“Governments do not rule the world Goldman Sachs does” – Trader Echoes Zaibatsu Thriller


Trader Alessio Rastani’s wildly popular BBC interview on YouTube shocks the world and echoes the central points in two of my financial thrillers, Zaibatsu which was the sequel of The Delphi Betrayal

(The really good parts of this video begin about 38 seconds in)

Those points are:

  • That corporations control most of the world’s cash, making it impossible for nation states and their central banks to have any real effect on the global economic environment.
  • That sharp traders make money regardless of whether the markets are going up or down — in other words, recessions and market crashes are a great opportunity to make money.

“Governments do not rule the world Goldman Sachs does.”

I had a different name for the global conspirators, but Rastani’s is close enough.
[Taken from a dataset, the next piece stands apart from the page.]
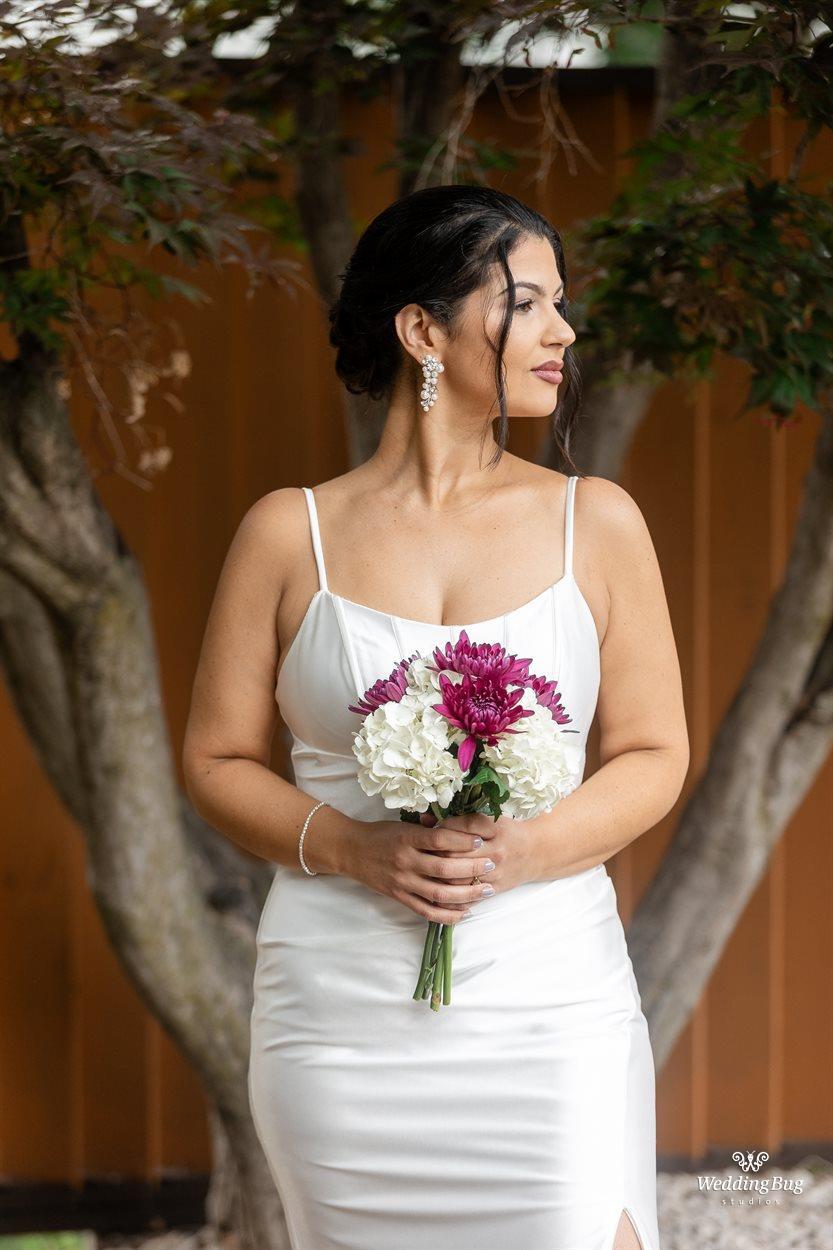 Woman in white dress holding a bouquet of purple and white flowers, standing outdoors with trees and a wooden fence behind her.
One thing he alludes to is the central part of my plots: If you know whether the market will go up or down, that’s when you bet everything — and that’s one helluva’n incentive to manipulate things.

And if you were a massive conspiracy of global players who decided among themselves that the world would be better off with them in control and with wealth better apportioned from rich nations to poor ones, then you could create one or more global crashes in order to equalize living conditions.

But how do you manipulate the global economic environment to do that?

That’s the heart of these thrillers … and the methods were created with help from some of the world’s best global traders.